**AIM OF THE TASK:** Find every line below with the string "Ultra" and pick it out.

Content starts

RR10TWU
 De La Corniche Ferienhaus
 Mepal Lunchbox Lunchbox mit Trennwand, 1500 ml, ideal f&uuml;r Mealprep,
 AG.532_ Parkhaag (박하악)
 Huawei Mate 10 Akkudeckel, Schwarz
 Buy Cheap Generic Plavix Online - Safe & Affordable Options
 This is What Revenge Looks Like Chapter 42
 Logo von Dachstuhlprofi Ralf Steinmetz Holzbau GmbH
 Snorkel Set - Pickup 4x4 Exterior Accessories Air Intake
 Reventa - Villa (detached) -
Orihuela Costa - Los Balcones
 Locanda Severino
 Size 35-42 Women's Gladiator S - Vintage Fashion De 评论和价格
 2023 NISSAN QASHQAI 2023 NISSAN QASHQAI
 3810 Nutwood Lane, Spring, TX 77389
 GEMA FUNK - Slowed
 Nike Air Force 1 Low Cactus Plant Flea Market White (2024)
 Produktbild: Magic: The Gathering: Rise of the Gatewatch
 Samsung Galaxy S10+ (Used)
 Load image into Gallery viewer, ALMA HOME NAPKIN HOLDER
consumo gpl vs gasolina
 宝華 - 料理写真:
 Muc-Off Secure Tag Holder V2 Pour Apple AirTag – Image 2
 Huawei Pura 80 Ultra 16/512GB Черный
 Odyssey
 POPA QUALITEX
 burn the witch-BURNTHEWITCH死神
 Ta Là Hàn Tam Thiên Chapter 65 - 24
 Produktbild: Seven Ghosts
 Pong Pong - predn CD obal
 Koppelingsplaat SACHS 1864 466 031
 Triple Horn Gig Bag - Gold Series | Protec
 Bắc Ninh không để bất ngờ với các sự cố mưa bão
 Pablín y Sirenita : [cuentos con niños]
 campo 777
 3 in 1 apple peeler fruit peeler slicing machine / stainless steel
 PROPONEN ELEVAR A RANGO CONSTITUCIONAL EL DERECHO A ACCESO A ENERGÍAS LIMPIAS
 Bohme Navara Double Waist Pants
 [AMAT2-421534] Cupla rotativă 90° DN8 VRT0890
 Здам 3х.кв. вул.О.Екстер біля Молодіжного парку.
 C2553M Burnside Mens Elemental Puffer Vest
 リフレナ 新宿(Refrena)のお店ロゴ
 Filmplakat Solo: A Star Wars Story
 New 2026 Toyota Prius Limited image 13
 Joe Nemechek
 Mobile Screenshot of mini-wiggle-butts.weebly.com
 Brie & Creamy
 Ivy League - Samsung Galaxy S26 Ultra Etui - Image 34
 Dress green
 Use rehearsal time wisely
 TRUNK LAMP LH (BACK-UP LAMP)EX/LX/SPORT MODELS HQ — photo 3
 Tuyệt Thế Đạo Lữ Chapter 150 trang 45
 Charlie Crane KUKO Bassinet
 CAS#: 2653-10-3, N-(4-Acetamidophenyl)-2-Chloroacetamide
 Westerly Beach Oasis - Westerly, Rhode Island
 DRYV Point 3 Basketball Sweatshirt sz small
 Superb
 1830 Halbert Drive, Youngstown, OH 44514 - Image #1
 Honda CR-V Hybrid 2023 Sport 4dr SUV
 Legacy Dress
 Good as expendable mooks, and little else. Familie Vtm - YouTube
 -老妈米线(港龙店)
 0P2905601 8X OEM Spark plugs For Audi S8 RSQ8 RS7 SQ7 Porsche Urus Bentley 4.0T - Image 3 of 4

Content ends

**RESULT:**
 Huawei Pura 80 Ultra 16/512GB Черный
 Ivy League - Samsung Galaxy S26 Ultra Etui - Image 34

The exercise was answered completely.